▶ _Information supplied_:
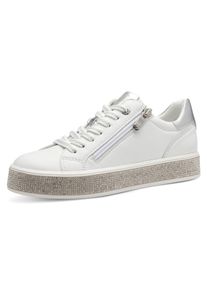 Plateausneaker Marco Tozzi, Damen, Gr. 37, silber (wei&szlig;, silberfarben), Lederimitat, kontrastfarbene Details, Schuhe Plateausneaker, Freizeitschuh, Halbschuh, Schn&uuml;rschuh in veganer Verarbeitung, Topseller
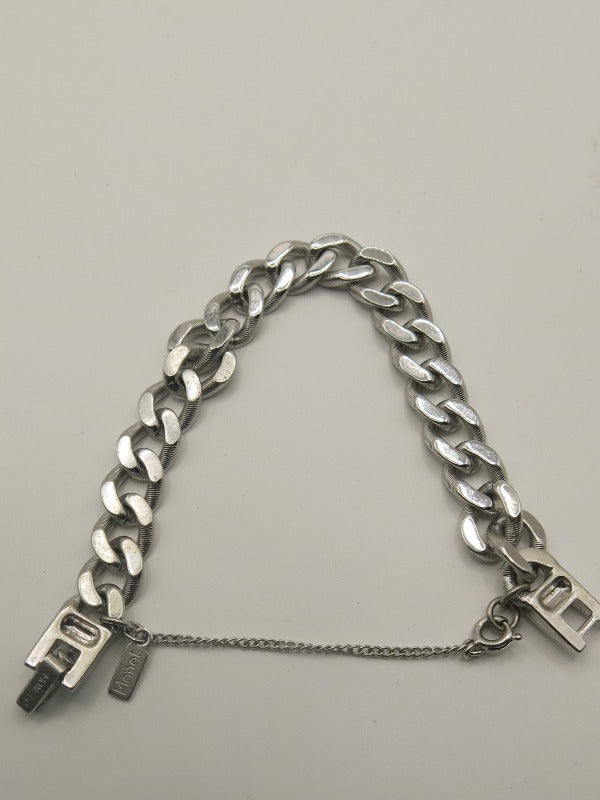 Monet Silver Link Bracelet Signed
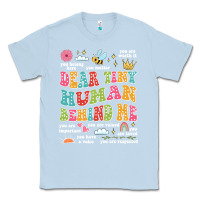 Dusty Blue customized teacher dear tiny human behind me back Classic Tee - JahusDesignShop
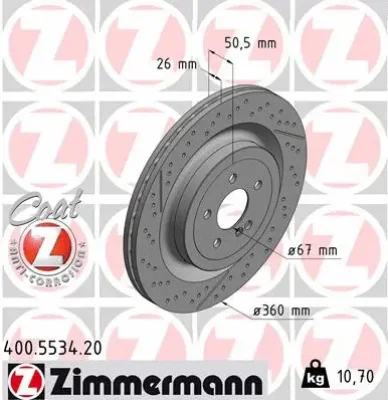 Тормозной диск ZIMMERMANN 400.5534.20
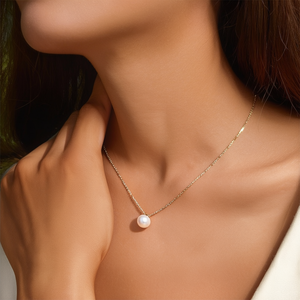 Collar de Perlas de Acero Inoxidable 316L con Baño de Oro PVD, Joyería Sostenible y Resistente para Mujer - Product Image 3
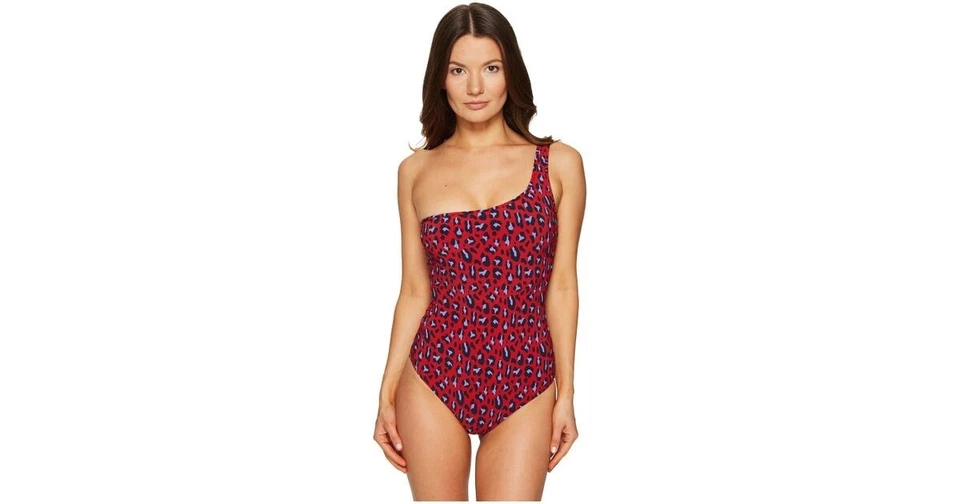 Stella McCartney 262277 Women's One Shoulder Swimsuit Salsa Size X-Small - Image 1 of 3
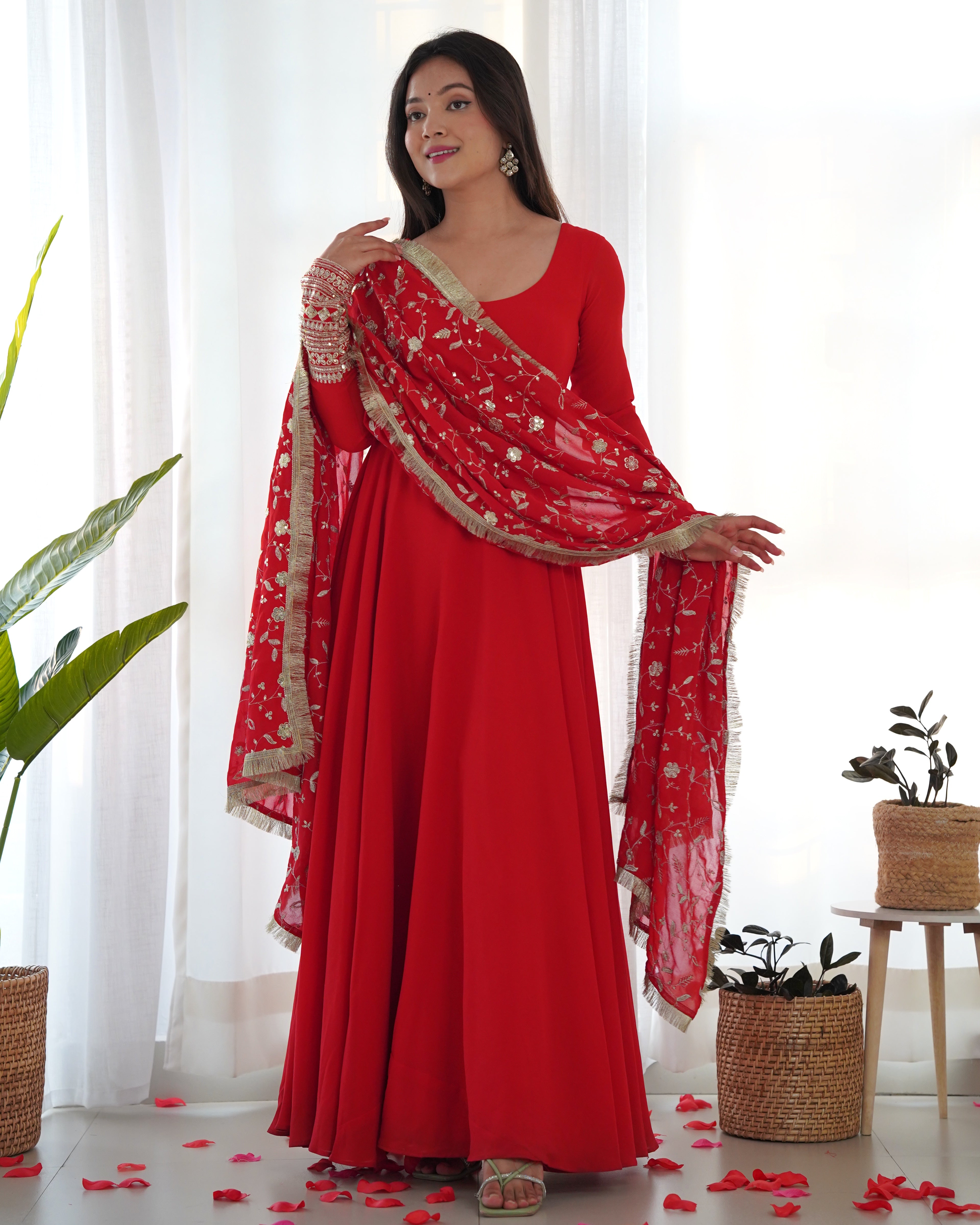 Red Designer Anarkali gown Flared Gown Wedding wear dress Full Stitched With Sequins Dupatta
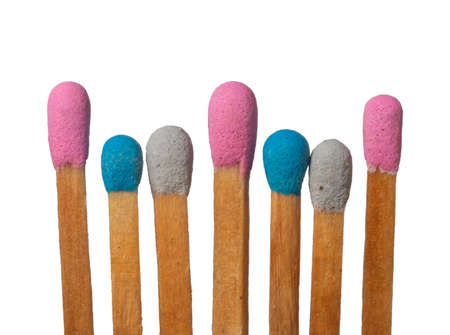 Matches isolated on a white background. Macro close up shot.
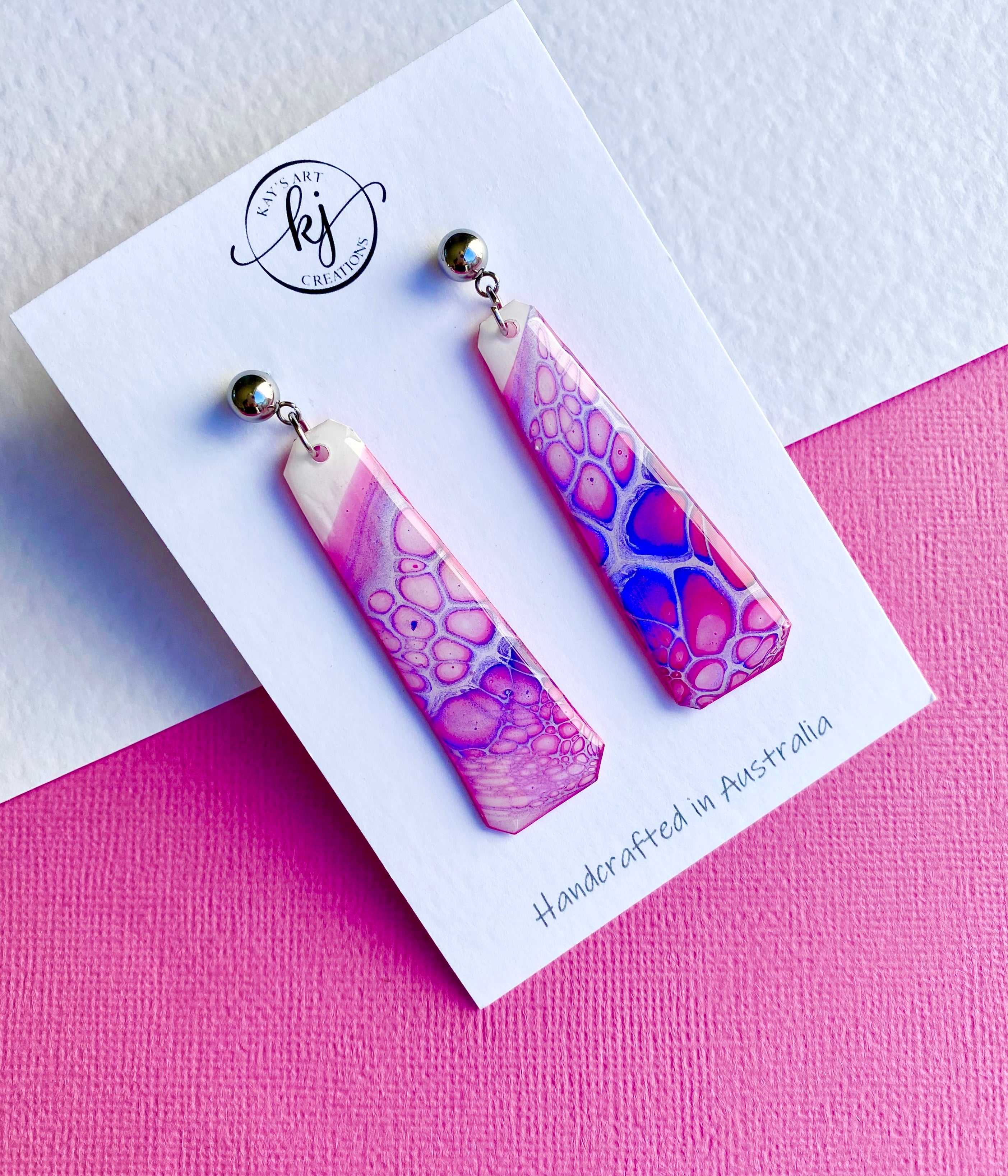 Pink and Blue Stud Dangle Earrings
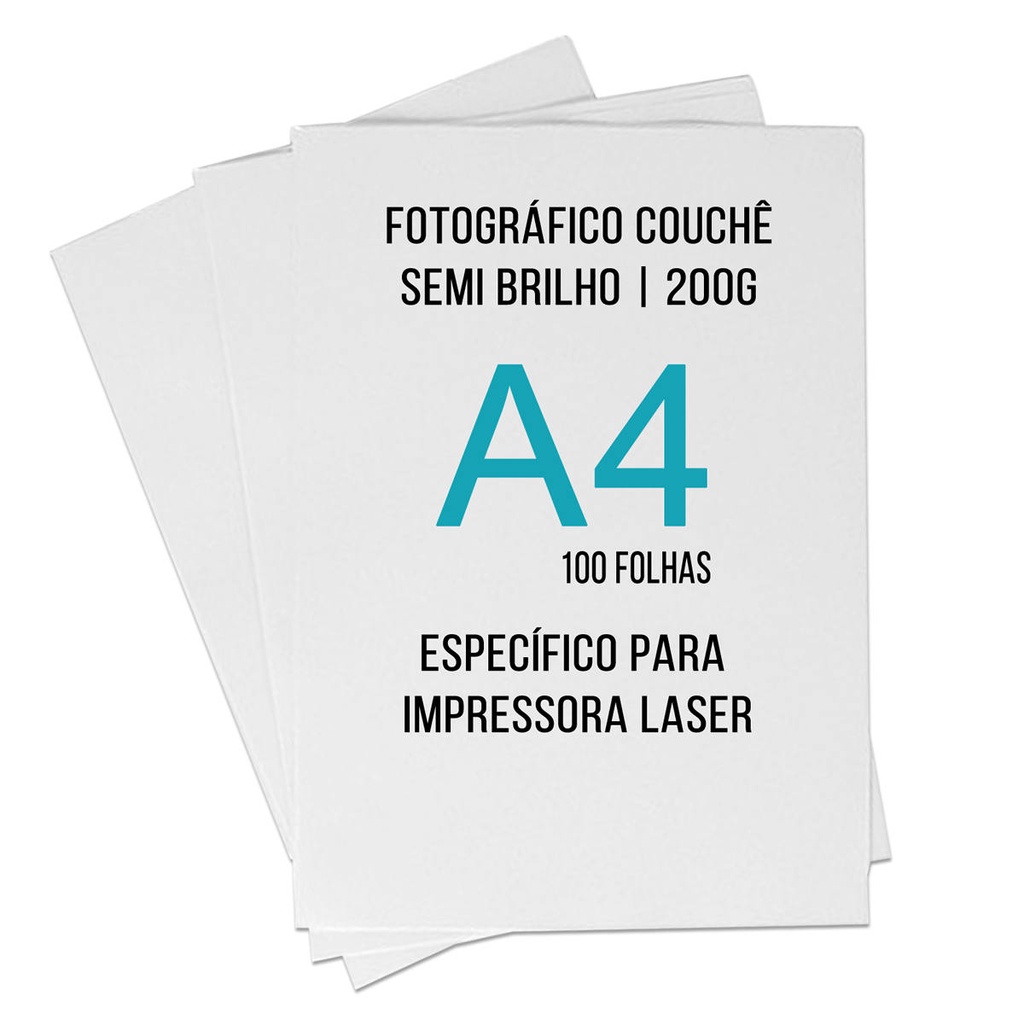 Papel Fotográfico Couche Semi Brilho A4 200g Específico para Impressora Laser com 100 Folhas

▶ _Work request_:
Return exactly the part of the listing above that opens with the line containing "Monet Silver Link Bracelet Signed" and closes with the line containing "Stella McCartney 262277". Pictures stay out.

▶ _Solution to this task_:
 Monet Silver Link Bracelet Signed
 Dusty Blue customized teacher dear tiny human behind me back Classic Tee - JahusDesignShop
 Тормозной диск ZIMMERMANN 400.5534.20
 Collar de Perlas de Acero Inoxidable 316L con Baño de Oro PVD, Joyería Sostenible y Resistente para Mujer - Product Image 3
 Stella McCartney 262277 Women's One Shoulder Swimsuit Salsa Size X-Small - Image 1 of 3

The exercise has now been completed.